Котарбинский[56] посчитал аргумент Айдукевича действенным. Тезис реизма (Р2) он защищал следующим образом. Постулат реизма (Р2) не является отрицанием предложения о существовании общих терминов, хотя с синтаксической точки зрения и выглядит таковым. Если бы оба эти предложения представляли собой взаимное отрицание, то тогда считая (Р2) осмысленным предложением нужно было бы признать и отрицание (Р2) осмысленным предложением. В этом случае оказалось бы, что (Р2) истинно и осмысленно, а отрицание (Р2) ложно и также осмысленно. Однако согласно концепции реизма предложение с мнимыми именами не ложны и не истинны, а бессмысленны, поскольку для них не удается подобрать термины с исходным смыслом, выполняющими роль сокращений. Таким образом, как (Р2), так и его отрицание являются предложениями, лишенными смысла. Поэтому Котарбинский предлагает считать постулат реизма (Р2) утверждением о бессмысленности предложения «существуют состояния, отношения и свойства». Но в этой трактовке (Р2) приобретает метаязыковый характер, а не предметный и центр тяжести переносится на реизм в семантической формулировке.
Айдукевич подверг сомнению также и обоснованность Котарбинским реизма как естественной интерпретации обыденного языка, причем он не считал реизма недопустимой интерпретацией, но речь в критике Айдукевича шла о том, что реизм всего лишь одна из возможных интерпретаций.
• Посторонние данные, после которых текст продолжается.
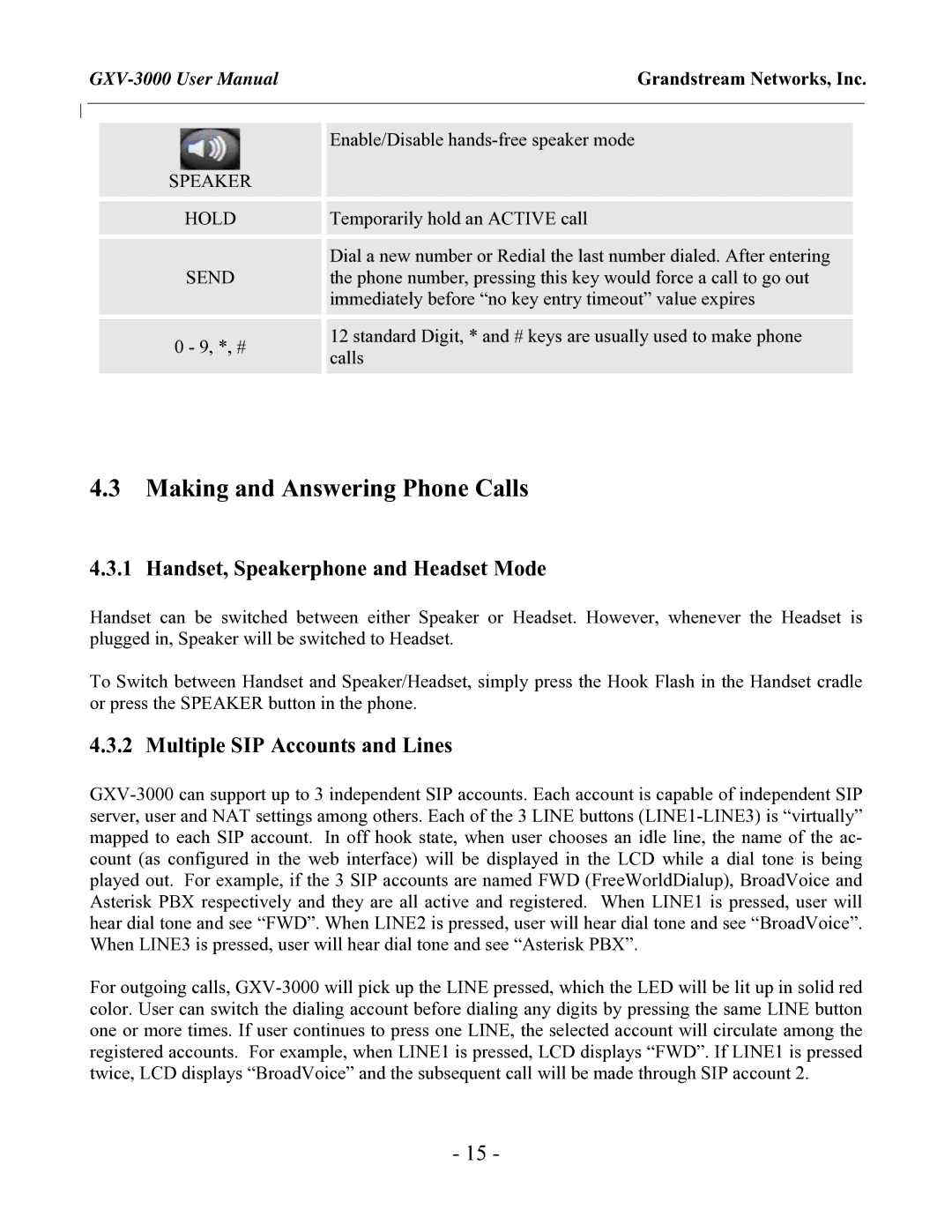 Grandstream Networks GXV-3000 user manual Making and Answering Phone Calls, Handset, Speakerphone and Headset Mode 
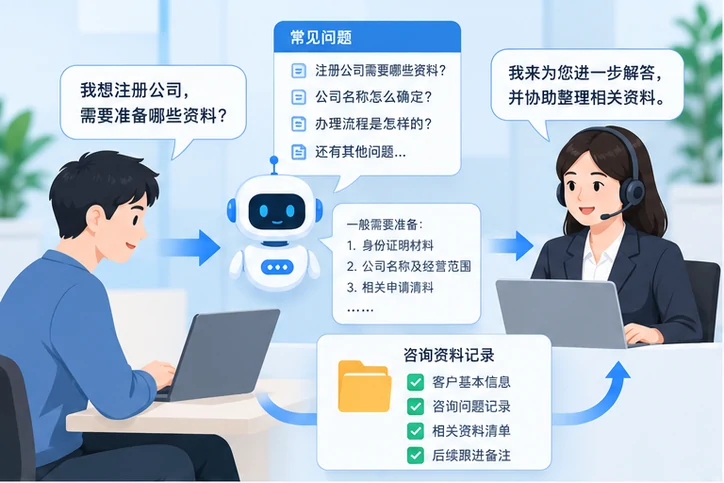 在线客服接待与咨询整理的服务场景示意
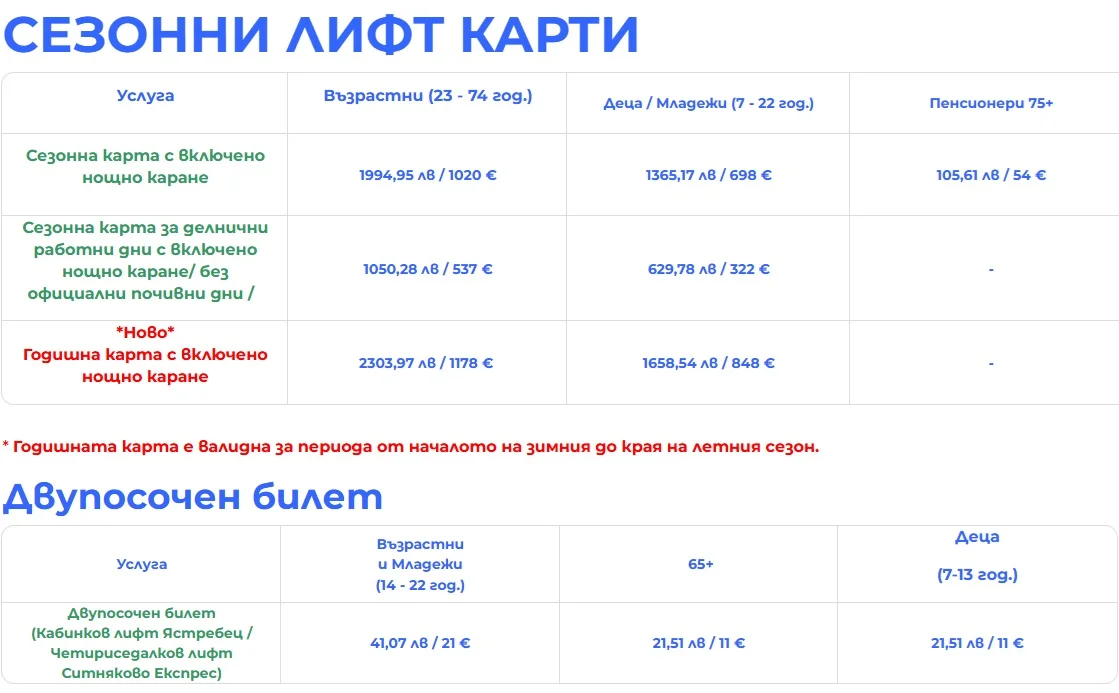 Боровец цени 2026 - 3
Возражения Айдукевича оказали на эволюцию реизма существенное влияние. Сам Котарбинский этапы почти сорокалетней эволюции реизма представил в статье «Фазы развития конкретизма»[57] . Коротко перечисленные автором этапы можно представить следующим образом. Первый этап выражал сомнения в существовании свойств. Второй этап был обобщением первого и в нем распространялись сомнения на все идеальные предметы. На третьем этапе произошло слияние реизма с онтологией Лесьневского. Четвертый этап реизма был выражен в «Элементах», причем концептуально был подкреплен позицией радикального реализма. Пятая фаза реизма состояла в добавлении тезиса пансоматизма. Следующий этап – реакция на возражения Айдукевича, переводящая реизм из онтологической плоскости в метаязыковую. На седьмом этапе происходит разделение реизма в семантической трактовке от трактовки онтологической и выразительное отдание первенства реизму в семантической упаковке. Наконец, на восьмом и последнем этапе реизм становится, пожалуй, программой, нежели утверждением теории.